Vision-CAIR / MiniGPT4-video

Official code for MiniGPT4-video
https://vision-cair.github.io/MiniGPT4-video/
BSD 3-Clause "New" or "Revised" License
440 stars 46 forks source link

How to appropriately register data builder? #28

Open Tony363 opened 2 weeks ago

Tony363 commented 2 weeks ago

Hi,

I am trying to finetune MiniGPT4-Video on my custom dataset. I could not seem to register my own data builder so I modified the Registry method like below.

    @classmethod
    def get_builder_class(cls, name):
        from minigpt4.datasets.builders.image_text_pair_builder import EngageNetBuilder
        return cls.mapping["builder_name_mapping"].get(name, EngageNetBuilder)

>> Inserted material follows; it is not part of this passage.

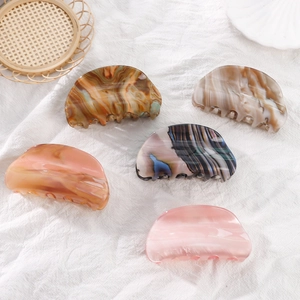 Five-piece set of 9cm acetate hair claws in marble and amber patterns on white fabric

I have the below in the datasets/builders/image_text_pair_builder.py

@registry.register_builder("engagenet")
class EngageNetBuilder(BaseDatasetBuilder):
    train_dataset_cls = EngageNetDataset 

    DATASET_CONFIG_DICT = {
        "default": "configs/datasets/engagenet/default.yaml",
    }
    print(DATASET_CONFIG_DICT)

    def build_datasets(self):
        # download, split, etc...
        # only called on 1 GPU/TPU in distributed
        self.build_processors()

        build_info = self.config.build_info # information from the config file
        datasets = dict()

        # create datasets
        dataset_cls = self.train_dataset_cls
        datasets['train'] = dataset_cls(
            vis_processor=self.vis_processors["train"], # Add the vis_processor here
            text_processor=self.text_processors["train"], # Add the text_processor here
            vis_root=build_info.vis_root, # Add videos path here
            ann_paths=build_info.ann_paths, # Add annotations path here
            subtitles_path=build_info.subtitles_path, # Add subtitles path here
            model_name='mistral' # Add model name here (llama2 or mistral)
        )

        return datasets

How to appropriately register data builder?